-------- PROVIDED ENTRIES

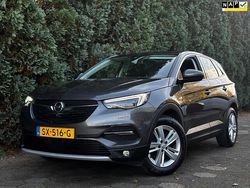 Grijs Gebruikt 2018 Opel Grandland X Innovation SUV | € 12.750 (Eerlijke prijs)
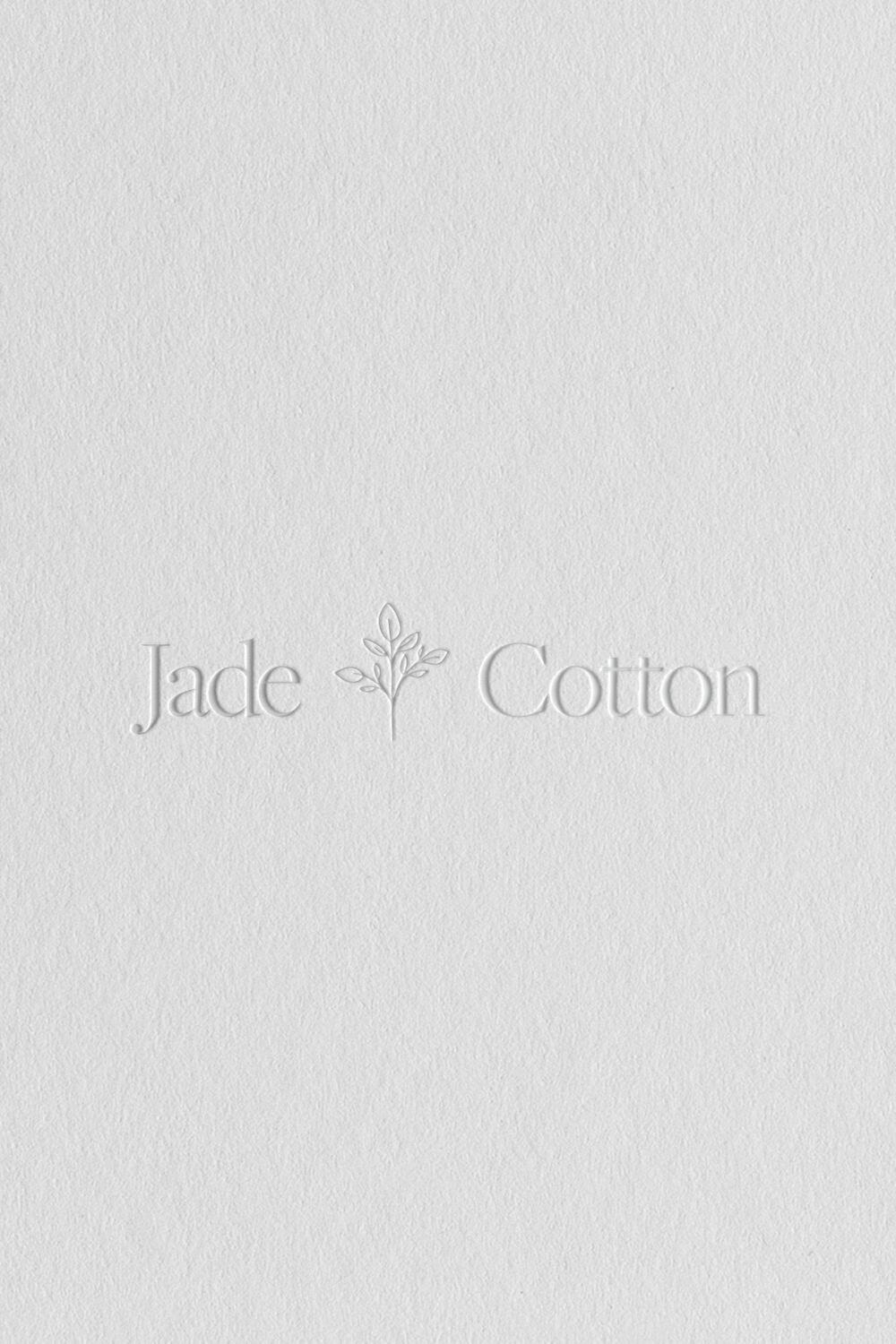 Branding for photographers who needs a n elegant and a bit more bolder brand. With a blue and gray color palette it works for both wedding and family photographers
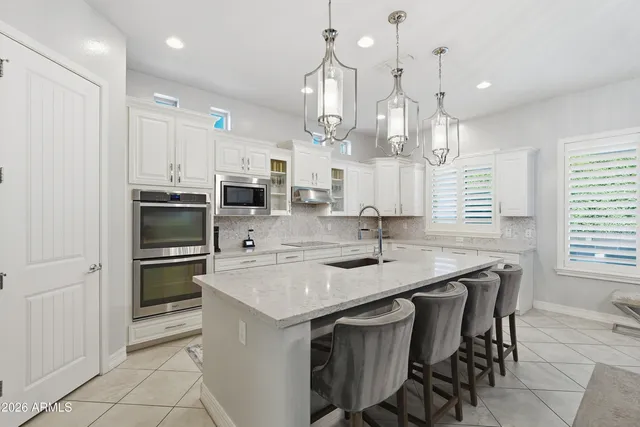 $999,000 | 938 East Parkview Drive, Gilbert, AZ 85295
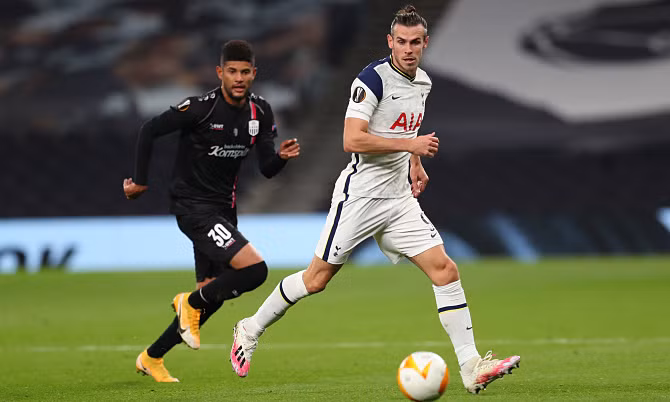 Bale lần đầu đá chính cho Tottenham, kể từ tháng 5/2013. Ảnh: EPA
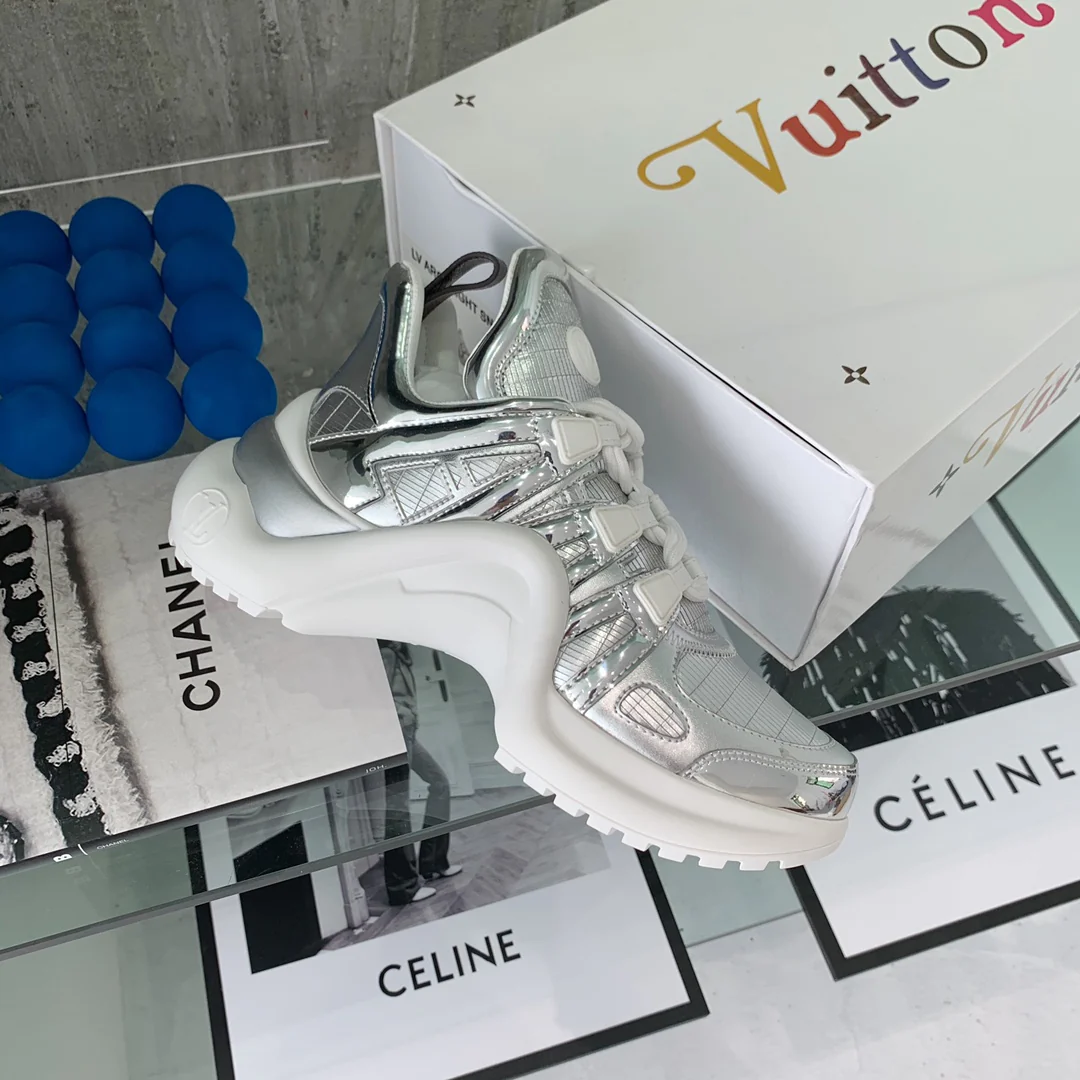 Обувь LV - Массивные кроссовки LV - 12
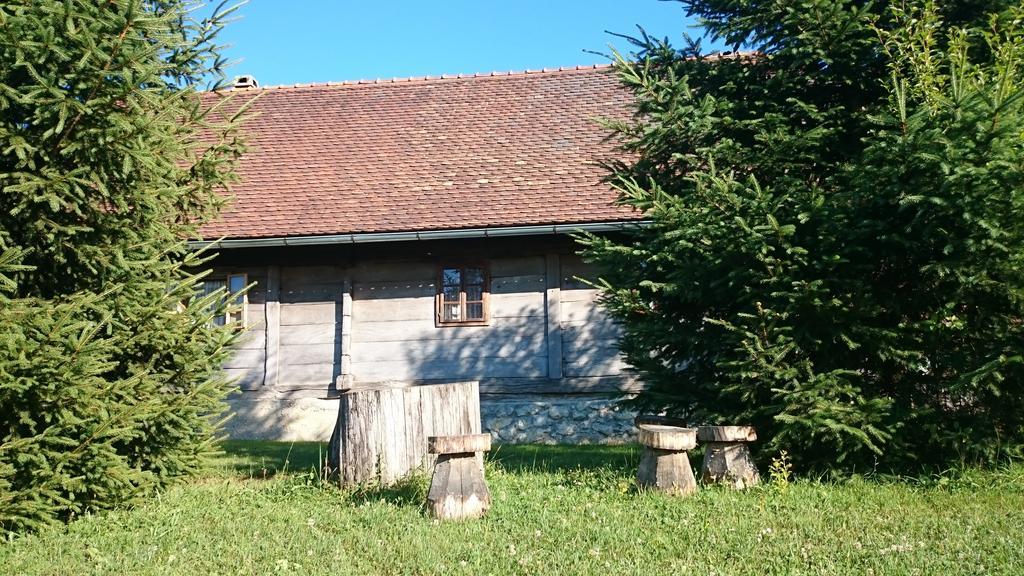 Rustic Home Mia Duga Resa Ruang foto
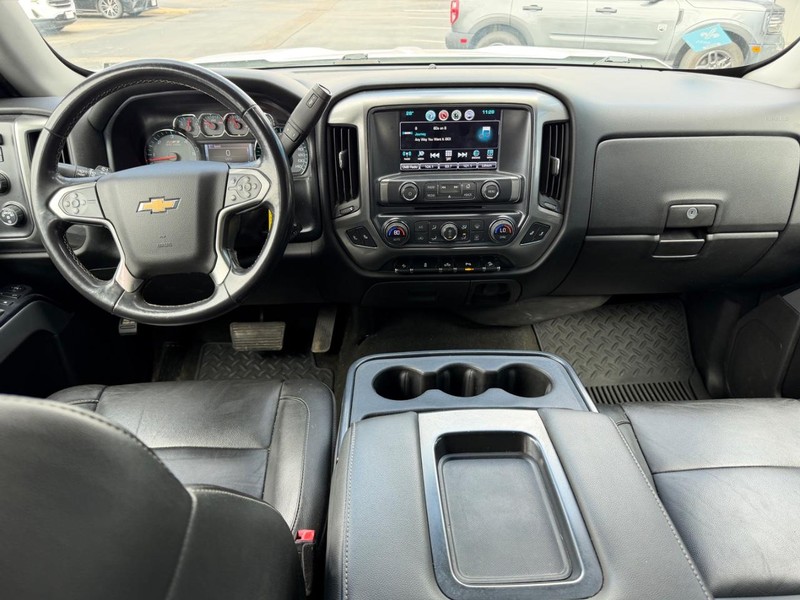Chevrolet Silverado 1500 Vehicle Full-screen Gallery Image 10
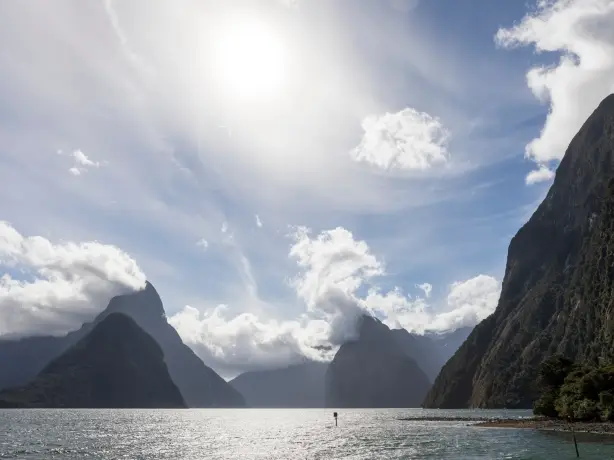 nz-south-fiordland national park-milford sound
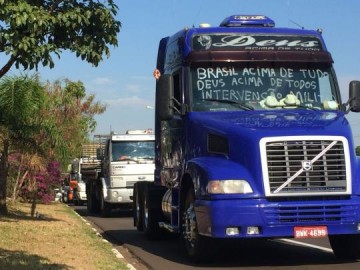 Confira os pontos onde h� mobiliza��o dos caminhoneiros na regi�o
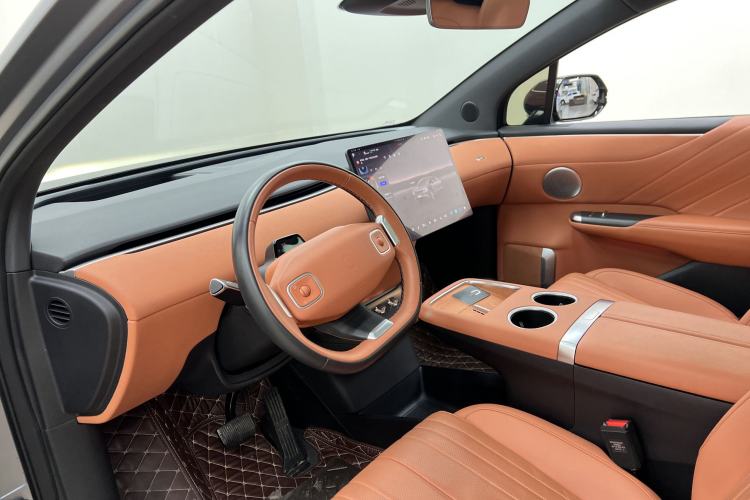 Used  E07 2025 All-Electric 4x4 90kWh Ultra High-Performance Edition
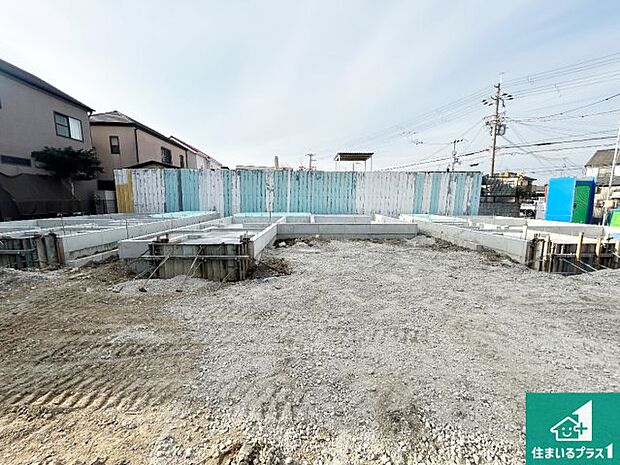 周辺は落ち着いた街並みの住宅地!子育てがしやすい住環境です!まだ未完成ですが、現地でしかわからない事もございます。是非一度ご覧ください。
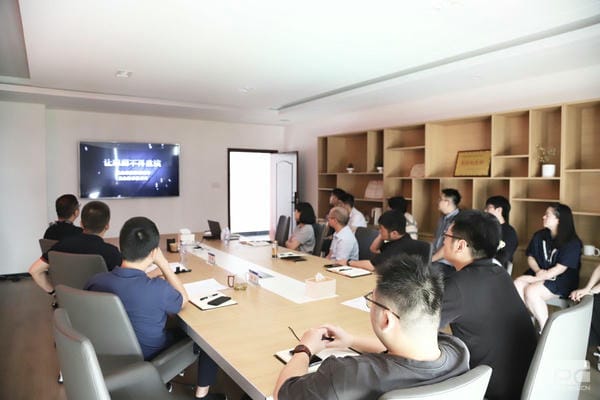 �۲��á�(�й���)���޹�˾����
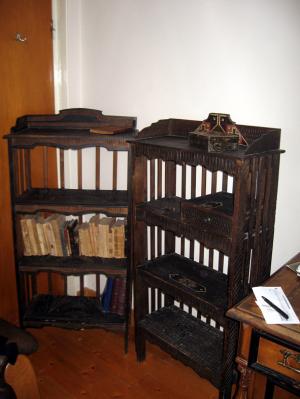 vand piese de mobilier vechi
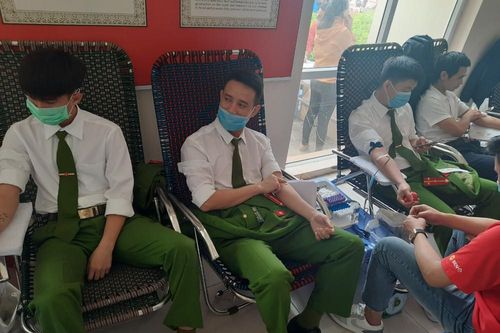 Gần 200 cán bộ, chiến sỹ công an tỉnh Thanh Hóa tham gia ngày hội Chủ nhật Đỏ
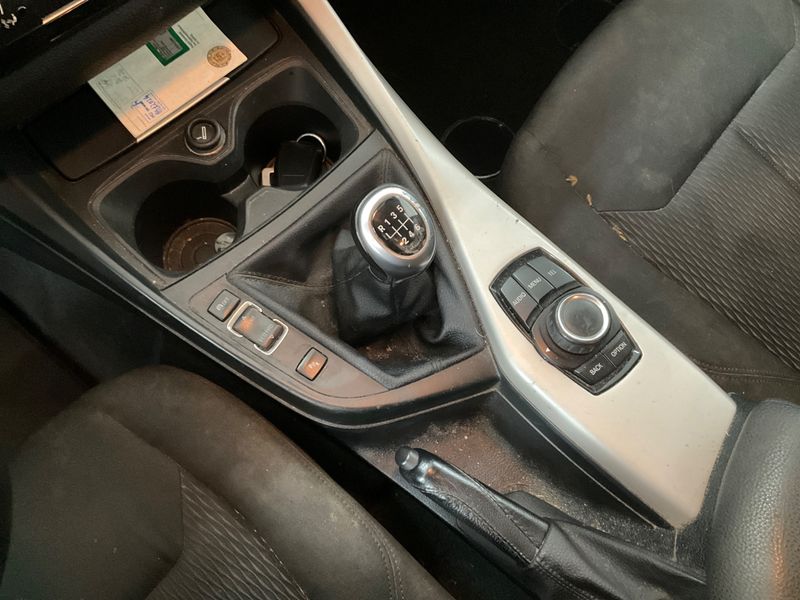BMW 1er 118d Advantage 2017 – снимка 35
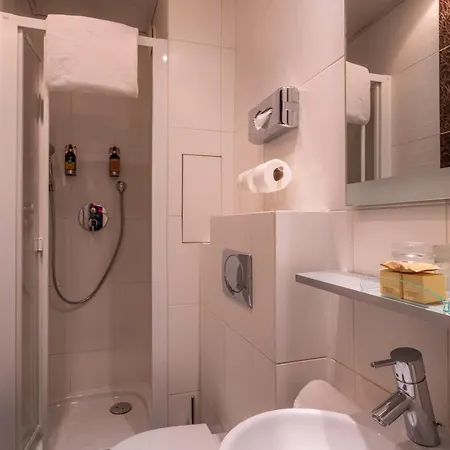 Hotel Courcelles Etoile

----------------

[EXERCISE AIM]:
Output every entry exactly as given; pictures are not part of the copy.

[RESULT OF THIS TASK]:
 Grijs Gebruikt 2018 Opel Grandland X Innovation SUV | € 12.750 (Eerlijke prijs)
 Branding for photographers who needs a n elegant and a bit more bolder brand. With a blue and gray color palette it works for both wedding and family photographers
 $999,000 | 938 East Parkview Drive, Gilbert, AZ 85295
 Bale lần đầu đá chính cho Tottenham, kể từ tháng 5/2013. Ảnh: EPA
 Обувь LV - Массивные кроссовки LV - 12
 Rustic Home Mia Duga Resa Ruang foto
Chevrolet Silverado 1500 Vehicle Full-screen Gallery Image 10
 nz-south-fiordland national park-milford sound
 Confira os pontos onde h� mobiliza��o dos caminhoneiros na regi�o
 Used  E07 2025 All-Electric 4x4 90kWh Ultra High-Performance Edition
 周辺は落ち着いた街並みの住宅地!子育てがしやすい住環境です!まだ未完成ですが、現地でしかわからない事もございます。是非一度ご覧ください。
 �۲��á�(�й���)���޹�˾����
 vand piese de mobilier vechi
 Gần 200 cán bộ, chiến sỹ công an tỉnh Thanh Hóa tham gia ngày hội Chủ nhật Đỏ
BMW 1er 118d Advantage 2017 – снимка 35
 Hotel Courcelles Etoile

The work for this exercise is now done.